Ben Soppitt

America's Financial Superapp Moment Has Arrived

Paypal’s CEO Dan Schulman recently announced their intent to launch a Financial Superapp.

“Schulman believes there are way too many financial services apps. So he plans to develop a “super app” to take care of payments, shopping, savings, investing, budgeting, crypto and identity — all from one convenient location.”

But others already claim they offer a “Financial Superapp” including ourselves at Unifimoney and Robo Advisor competitor M1 which even rather boldly adds a trademark symbol to it’s tagline: “The Finance Super App™”.

So what is a Financial Superapp?
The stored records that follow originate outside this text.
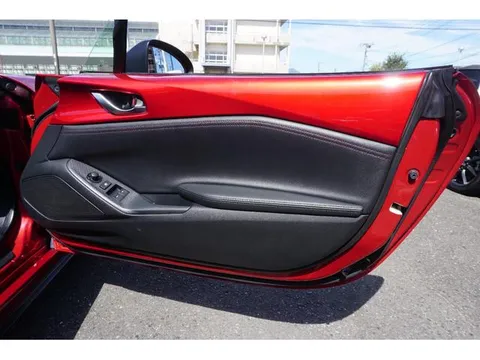 Mazda MX-5 (Roadster)
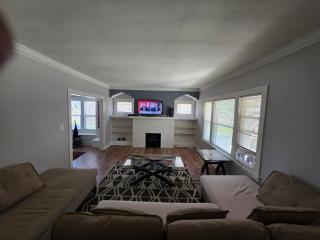 In the heart of Cleveland heights - 0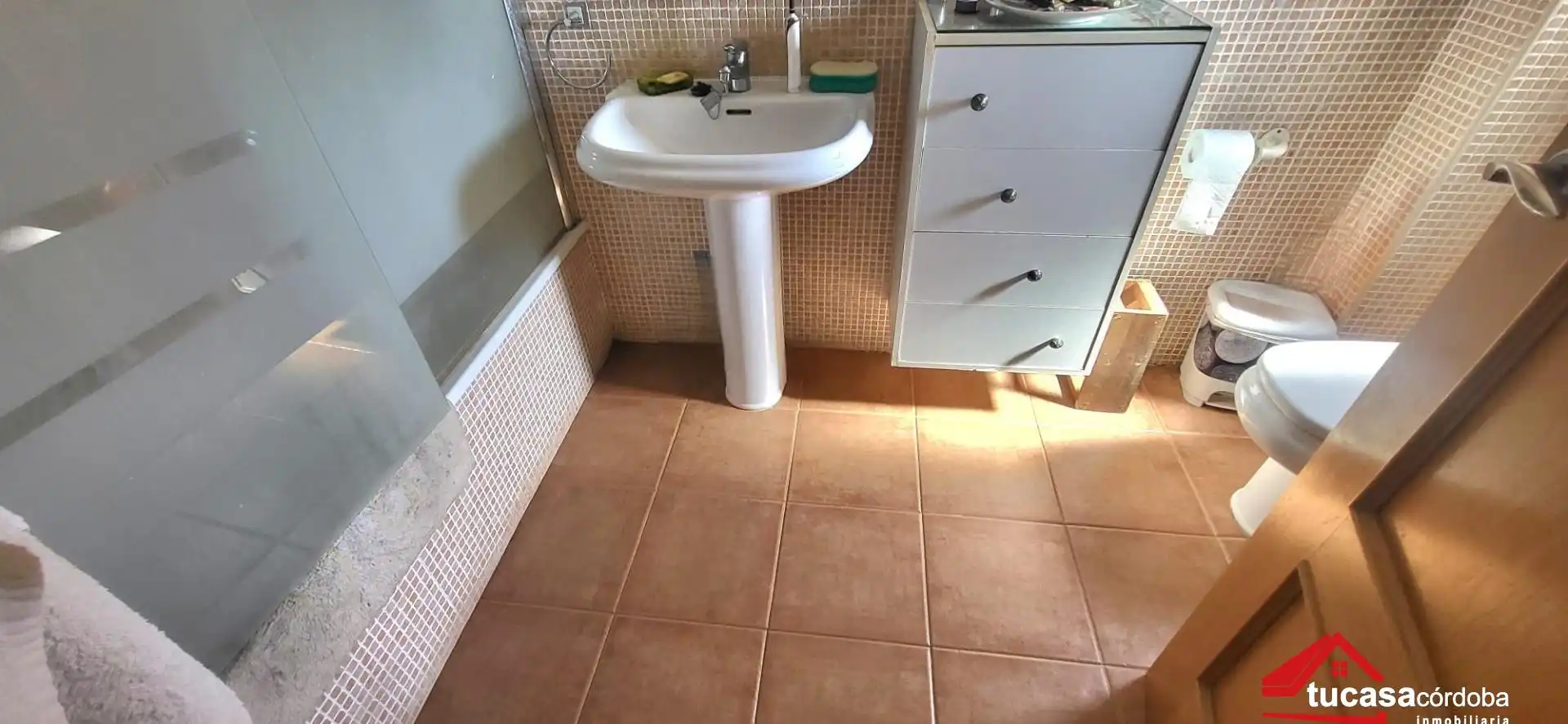 Bathroom of Flat for sale in Córdoba  with Air Conditioner, Storage room and Balcony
And what does it mean for consumers?

A blog post from Infopulse reported that the term ‘super app’ was “coined by BlackBerry founder Mike Lazaridis back in 2010. The post explained Lazaridis’s definition asa closed ecosystem of ‘many apps’ that people would use every day ‘...because they offer such a seamless, integrated, contextualized and efficient experience.’

They went on to define a Super App as “A marketplace of services and offerings, delivered via in-house technology and through 3rd party integrations.” That's as good a definition as we need at this point.
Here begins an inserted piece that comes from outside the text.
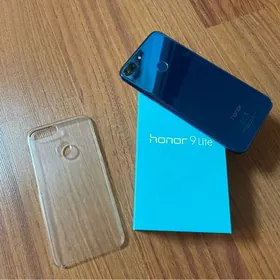 Смартфон Honor 9lite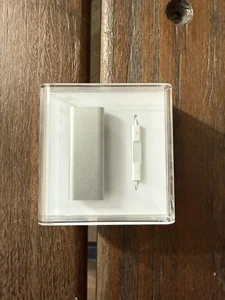 iPod Shuffle 3rd Gen A1271 4GB Silver MB867LL/A - Apple - New-Unused-Collectible - Picture 1 of 2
The History of the Superapp

The original Financial Superapps can be traced to Asia, especially China, and financial behemoths like Wechat and Alipay, and now including Paytm in India (as well as others) and Grab in South East Asia and Gojek in Indonesia. In reality, all of these apps have gone beyond just the financial and include a lot more besides.

Yet in Europe and the US, consumers are still battling with having multiple financial apps on their phones, each typically solving valuable, yet discrete things, and adding a great deal of friction and unnecessary time and energy expenditure to managing money.  Based on our customer research at Unifimoney, it's not atypical for a Millennial to have over 10 financial apps on their phone and a significant proportion have more than 15.

But Paypal’s public declaration of their intent to compete in this space, as well as companies like Goldman Sachs slowly but surely extending their retail offerings — most recently to Robo Advisory services — are good indicators that these markets are waking up to the need to offer more than a mono-line product. One could argue Sofi also provides all these services, although today it's all in a big bag of separate products rather than a very integrated experience — no doubt this will change over time.

The key definition of a Financial Superapp lies in the fact you can do many things in a single integrated application.

Our Financial Superapp

At Unifimoney, we believe the future of finance is in delivering exactly this and we are clearly not alone in this belief.

We define the personal finance market into 3 core categories:

  • Everyday money management — Saving, Spending and Investing
  • Ad-hoc services — lower frequency big ticket items e.g. buy a house, a car, student loan refi etc.
  • Custom personalized services (e.g. legal and tax)

Unifimoney plays primarily in the first two spaces — seeking to solve the problems inherent in how we manage money today. Currently, personal financial management is far too complex, offers very low value for money (returns on your money, e.g. deposit APY, returns on credit card spend, investment fees), and requires way too much effort, time and cognitive load for the average person to manage optimally.

Currently, Unifimoney already offers high-yield checking, a debit card, a checkbook, remote checks, bill payment, a Robo advisor, stock and EFT trading, homeloans, mortgage refi, and vehicle and auto loans. In the near future, we’ll also offer a credit card, crypto and precious metal trading, international remittances, HSA, insurance, and a portfolio line of credit. Compare this to M1 Finance, which offers a cash account (essentially a savings account with limited functionality but with a debit card), Robo Advisory, and Portfolio Loans (the ability to borrow against your holdings).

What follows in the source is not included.